Kebijakan Ditjen Dukcapil Kemendagri untuk mewujudkan Kartu Tanda Penduduk yang benar-benar digital, sudah diumumkan sejak Juni 2021 lalu. Konsep KTP baru ini sekilas memudahkan sekaligus menegaskan bahwa e-KTP lama yang dimiliki mayoritas masyarakat sebetulnya kurang bertaji. Dosa apa kita sampai kudu satu negara dengan koruptor bernama Setya Novanto, yang membuat huruf ‘e’ di KTP jadi terasa abal-abal.
Menurut Dirjen Dukcapil Kemendagri Zudan Arif Fakrulloh, sejak 2021 lembaganya udah menguji coba pemakaian e-KTP digital di 58 kabupaten dan kota. Uji coba itu masih berjalan sampai sekarang sehingga aplikasinya belum bisa diakses masyarakat umum.
Videos by VICE
Teknisnya bakal kayak gini. Kelak, e-KTP digital bisa dimiliki oleh warga yang udah punya e-KTP jadul itu (huft). Untuk mulai menggunakan, dimulai dengan warga mengunduh aplikasinya lewat Play Store atau App Store. Habis itu pengguna harus mendaftar dengan cara mengisi NIK, alamat email, dan nomor ponsel.
Kelar ngisi, pengguna diminta melakukan verifikasi lewat face recognition. Jujur saja, bagian ini bikin kami khawatir mengingat kualitas foto e-KTP udah jadi urban legend tersendiri. Apabila lulus pengenalan wajah, pengguna akan diminta memverifikasi email. E-KTP digital siap dipakai jika pengguna lolos di semua tahap itu.
Preview penggunaan e-KTP digital di YouTube pribadi Dirjen Dukcapil sih tampak menjanjikan. Nantinya, setiap harus setor e-KTP ketika mengurus administrasi apa pun, kita cukup nyetor QR code yang tersedia di aplikasi tersebut. Fitur supaya enggak perlu fotokopi ini juga ditekankan Dirjen Dukcapil kepada kantor-kantor Dukcapil di daerah.
“Ini juga penting saya sampaikan, bagi kantor-kantor untuk tidak lagi meminta fotokopi dokumen kependudukan dari masyarakat, tetapi menggunakan akses verifikasi data langsung dari Dukcapil karena dokumennya sudah menjadi data digital,” kata Zudan, Sabtu (1/1), pekan lalu, dilansir Merdeka.

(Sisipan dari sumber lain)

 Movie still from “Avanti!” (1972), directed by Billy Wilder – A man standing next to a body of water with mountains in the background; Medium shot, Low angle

Preview juga menampakkan bahwa selain data e-KTP, aplikasi turut menampilkan data vaksinasi, NPWP, kepemilikan kendaraan, dan kepegawaian (bagi PNS). Btw variasi data yang ditampilkan aplikasi lebih sedikit daripada yang disebut Zudan pada Juni lalu. Waktu itu doi sampai menyebut data ijazah, paspor, dan rekening bank segala.

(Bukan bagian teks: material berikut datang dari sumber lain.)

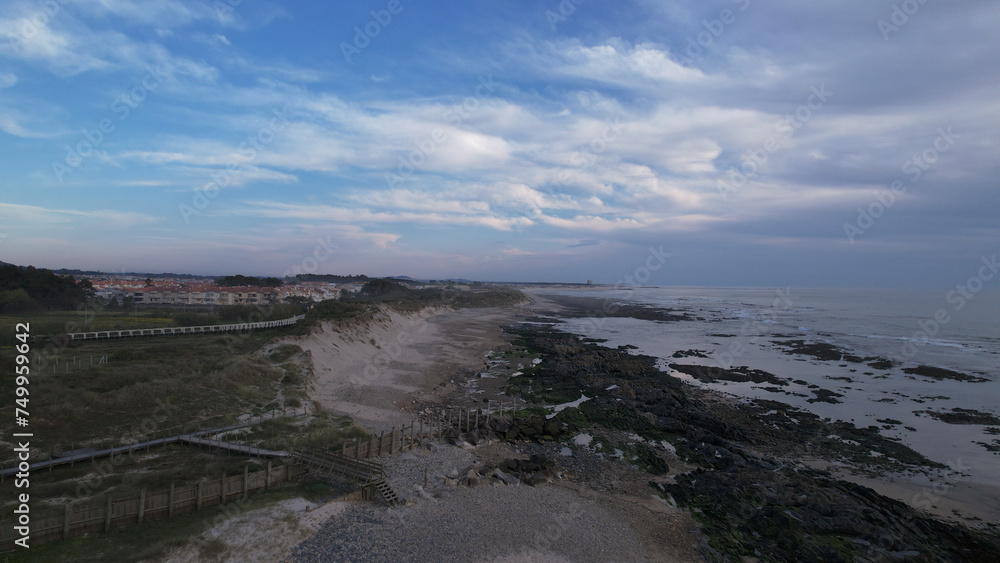 Sea, beach boulders, pebble shore, and waves at sunset. Sea waves breaking on rocks. Beach with sand dunes and dusk sky in Rio de Moinhos, Esposende, Portugal.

Hal lain yang langsung terasa, aplikasi ini enggak pake diksi “e-KTP” melainkan hanya “KTP digital”. Dimaklumi sih, emang siapa dah yang enggak terganggu dengan ironi “e-KTP digital”.
Zudan menjelaskan, KTP digital ini akan melekat di ponsel WNI. Dengan demikian, jika ponsel hilang, pemilik perlu datang ke kantor Dukcapil setempat buat mengirimkan KTP digital lagi ke ponsel baru.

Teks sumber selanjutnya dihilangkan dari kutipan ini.